Poco tiempo después, Samuel Cosenza sintió un ligero dolor de cabeza cuando recobró la consciencia.
<<¿En donde estoy? ¿Q-Qué pasó?>>
Trató de evocar algún recuerdo, pero nada le vino a la mente. No en un principio, al menos. Y el esfuerzo no hizo más que acrecentar el dolor. En un intento por recomponerse, desistió de pensar. E hizo un esfuerzo por sentarse. Su vista estaba un poco nublada, así que se llevó ambas manos a los ojos y los frotó. Estuvo así por un rato cuando las imágenes comenzaron a materializarse dentro de su mente. Tardó un poco en hallarles sentido. Pero cuando lo hizo, comprendió la gravedad de la situación.
Ya recobrado la claridad de su vista, se puso de pie al instante. Tenía que ir a la habitación de sus padres y decirles que...
<<Qué rayos?>>
Samuel quedó desconcertado al ver a sus padres, tirados allí en el suelo... inmóviles y con los ojos abiertos.
Temiendo lo peor, se les acercó y trató de levantarles, sacudiéndoles de los hombros.

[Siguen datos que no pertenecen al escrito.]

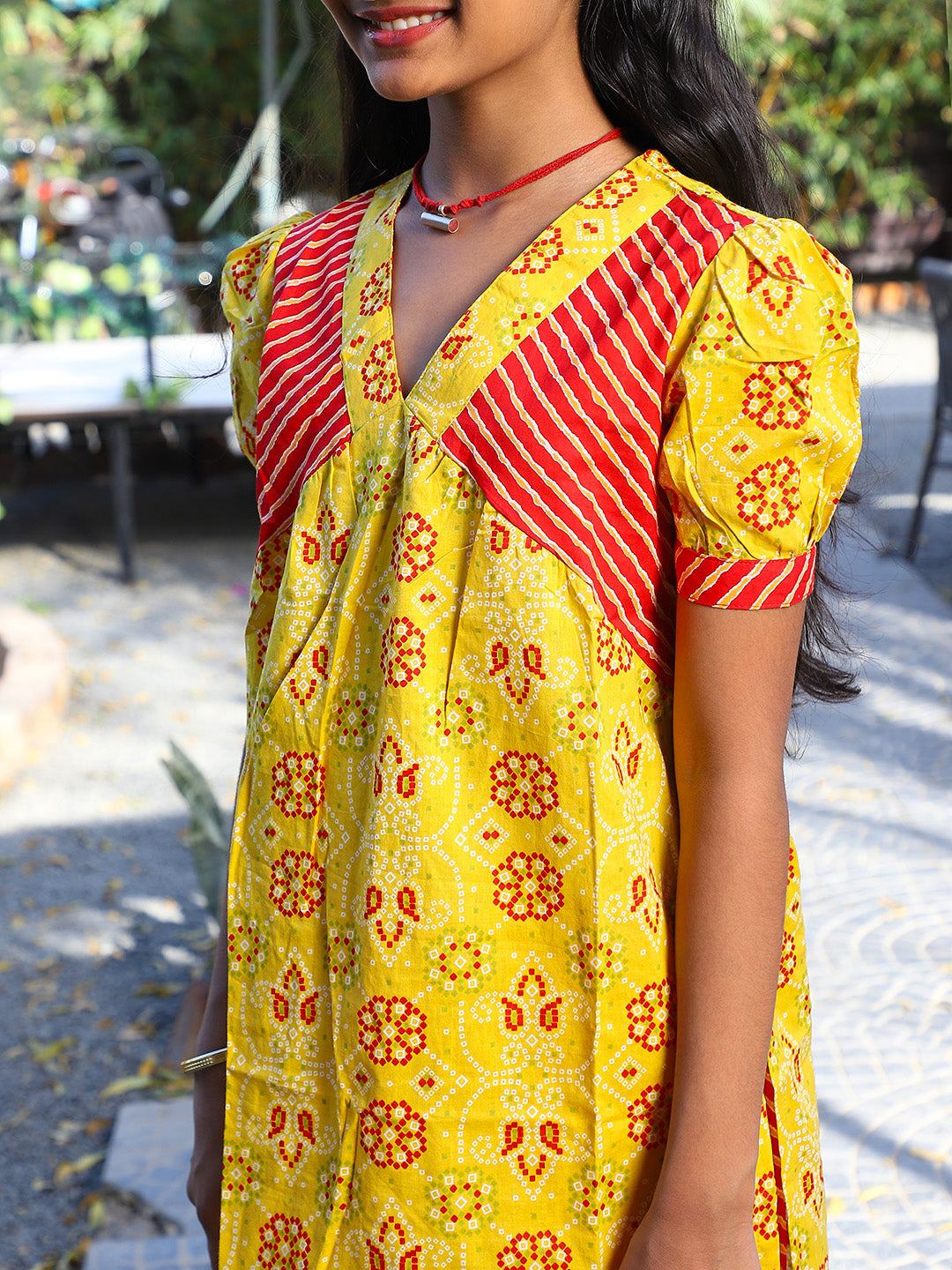 Yellow bandhani Kurta with red leheriya sharara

Nada, ni una sola reacción. A Samuel la mirada se le empañó mientras que, en su pecho, sentía un fuerte dolor. Estaba a punto de salir corriendo de la casa cuando, un extraño aroma en el aire, le paró en seco.
<<¿Gas? ¿Alguien ha dejado abierto el piloto del gas sin darse cuenta?>>.
Poco después, y para extrañar aun más las cosas, Samuel advirtió un ruido —similar a un tik tak—, que lo hizo volverse hacia atrás, hacia la chimenea. Junto a ella, se apreciaba una enorme caja negra. El temor que ya le tenía invadido se acrecentó a mayores magnitudes. Pero no por culpa de la caja, sino por el segundo objeto que observó: el reloj digital que mostraba, con números rojos, una cuenta regresiva. Estaba en cuatro..., tres..., dos..., uno.
Cuando terminó la cuenta, se oyó un ligero bip-bip secuencial tipo alarma, al que le siguió un click metálico. La misteriosa caja negra estalló. Y la residencia Cosenza empezó a ser devorada por las llamas.